● WORK TO BE COMPLETED: The response should repeat word for word every line below from the one with "5 Things YOU" to the one with "Manapouri Lake Cruises景点图片", inclusive, and nothing else; leave pictures out.

(EXERCISE INPUT begins)

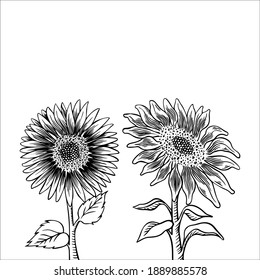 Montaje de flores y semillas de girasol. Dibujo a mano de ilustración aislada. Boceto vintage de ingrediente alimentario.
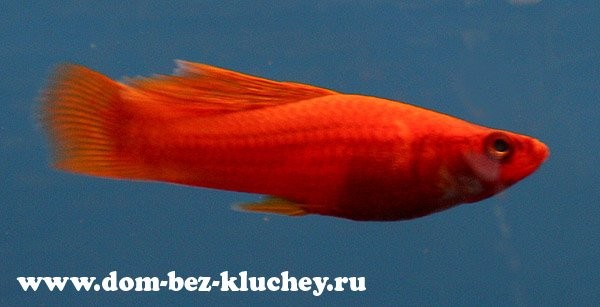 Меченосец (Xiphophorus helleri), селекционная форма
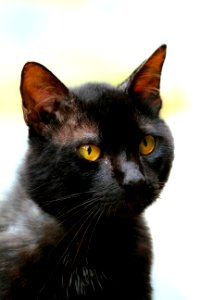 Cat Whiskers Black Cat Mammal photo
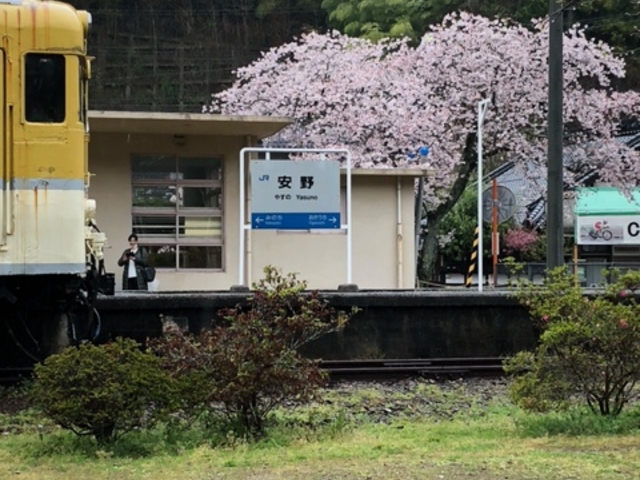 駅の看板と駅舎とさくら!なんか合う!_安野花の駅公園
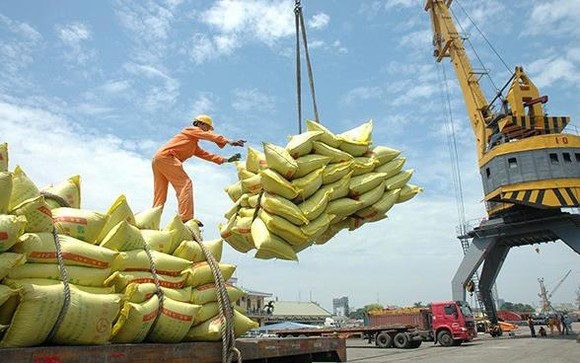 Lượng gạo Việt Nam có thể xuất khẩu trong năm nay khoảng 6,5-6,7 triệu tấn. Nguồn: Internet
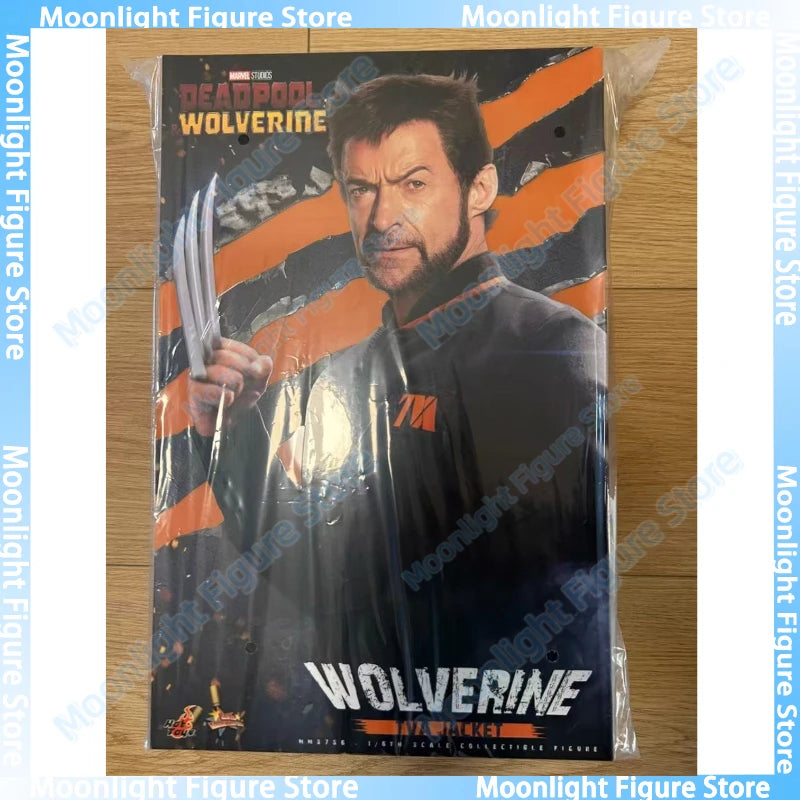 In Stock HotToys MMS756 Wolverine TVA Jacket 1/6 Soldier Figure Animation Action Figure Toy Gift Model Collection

(EXERCISE INPUT ends)
(EXERCISE INPUT begins)

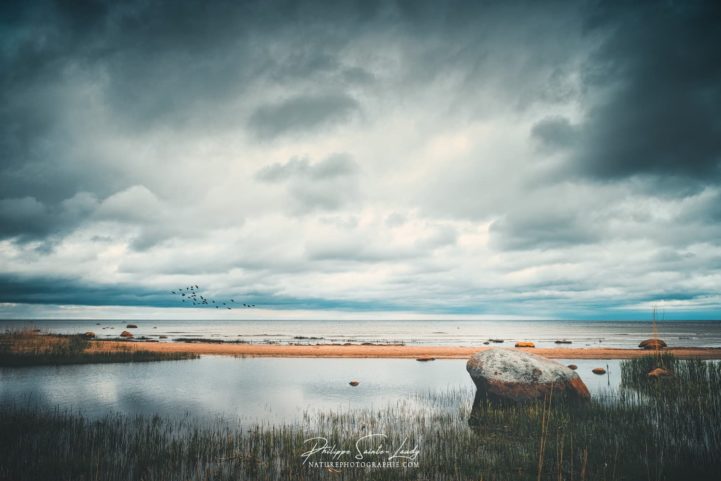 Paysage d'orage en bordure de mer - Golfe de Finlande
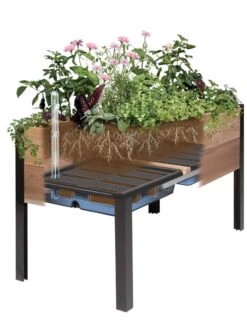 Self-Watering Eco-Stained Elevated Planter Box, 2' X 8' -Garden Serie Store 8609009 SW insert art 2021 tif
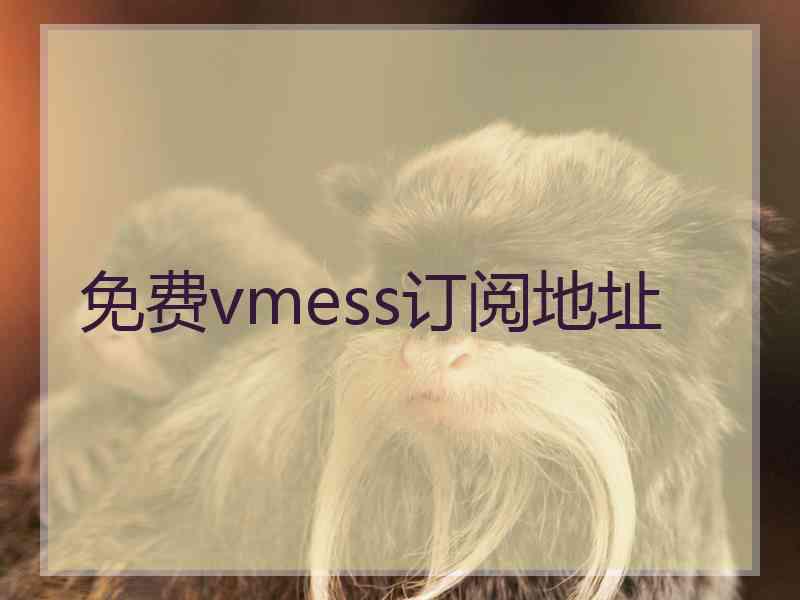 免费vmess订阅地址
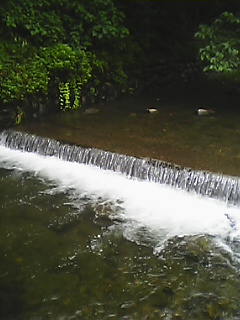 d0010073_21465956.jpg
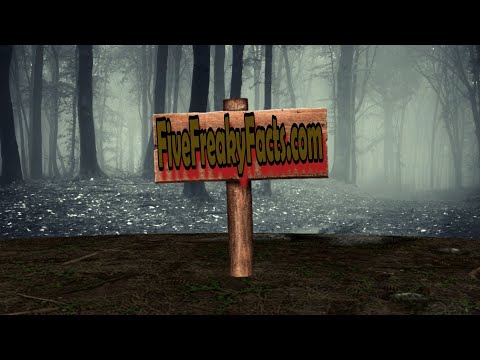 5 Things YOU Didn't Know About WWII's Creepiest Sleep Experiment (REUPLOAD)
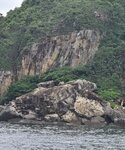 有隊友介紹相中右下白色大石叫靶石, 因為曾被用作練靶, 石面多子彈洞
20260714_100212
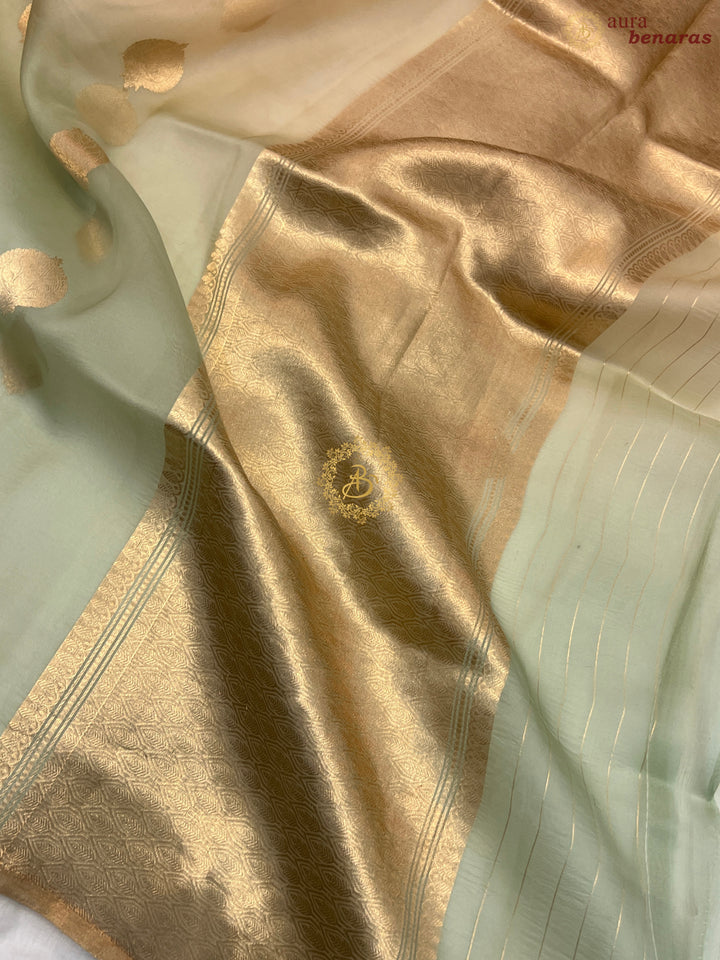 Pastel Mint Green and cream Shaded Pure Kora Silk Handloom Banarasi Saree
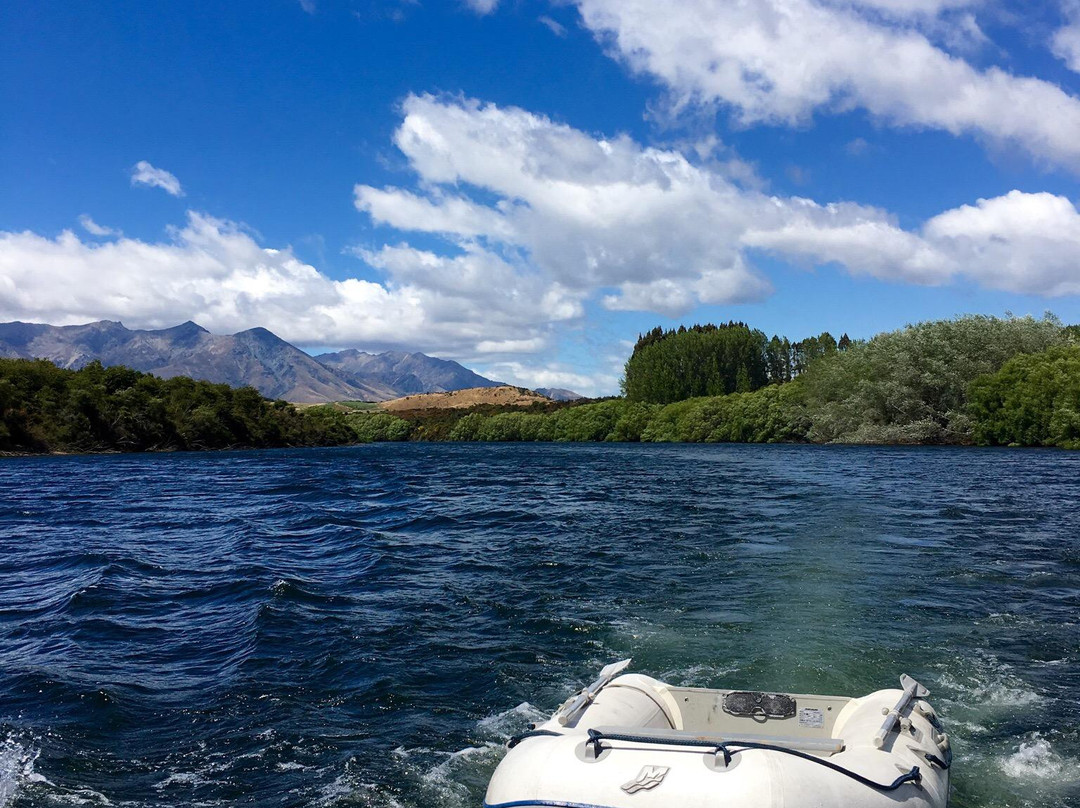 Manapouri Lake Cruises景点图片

(EXERCISE INPUT ends)

● SOLVED PROBLEM:
 5 Things YOU Didn't Know About WWII's Creepiest Sleep Experiment (REUPLOAD)
 有隊友介紹相中右下白色大石叫靶石, 因為曾被用作練靶, 石面多子彈洞
20260714_100212
 Pastel Mint Green and cream Shaded Pure Kora Silk Handloom Banarasi Saree
 Manapouri Lake Cruises景点图片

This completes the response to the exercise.